蓮月の声は低く太く響く。その声がギラギラとしたバンドサウンドに丸さと耳触りの良さを与える。『サプリ』では、繰り返されるリズムが体に染みついた。ギターのインパクトに初手から心奪われた『ストックホルムの箱』。少し高い歌声でのみのりのコーラスは、蓮月の歌声と非常に相性が良く、綺麗に重なった。アップテンポで疾走感のあるこの曲はブランデー戦記のライブの中の良いアクセントになっていた。

みのりは聴きに来た人々に何度も感謝を述べる。「最後の最後まで一緒に楽しんでくれますか。」という一言にフロアは大歓声で応えた。
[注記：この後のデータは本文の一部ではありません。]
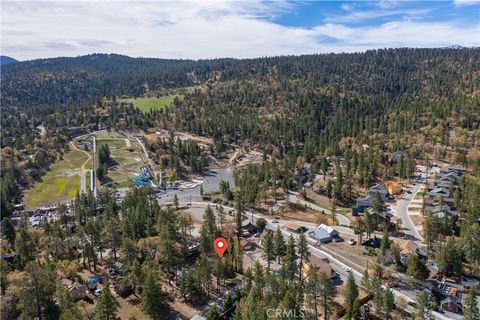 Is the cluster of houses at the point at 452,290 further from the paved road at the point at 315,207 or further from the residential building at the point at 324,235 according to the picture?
the paved road at the point at 315,207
クールなギターリフから『Kids』が始まった。ベースも同じリフをユニゾンで弾き、息の合った演奏がかっこよさを倍増させた。次の曲に入り、エモーショナルなコードが掻き鳴らされる。『coming-of-age story』では、ドラムに合わせて観客が手拍子を起こし、蓮月は声を枯らして歌い切った。スピード感に溢れたドラムから始まる、最後の一曲『僕のスウィーティー』を駆け抜ける。ブランデー戦記は30分のライブを丁寧に、クールに演じ切った。余計なパフォーマンスはない、洗練されたロックを見せてくれた。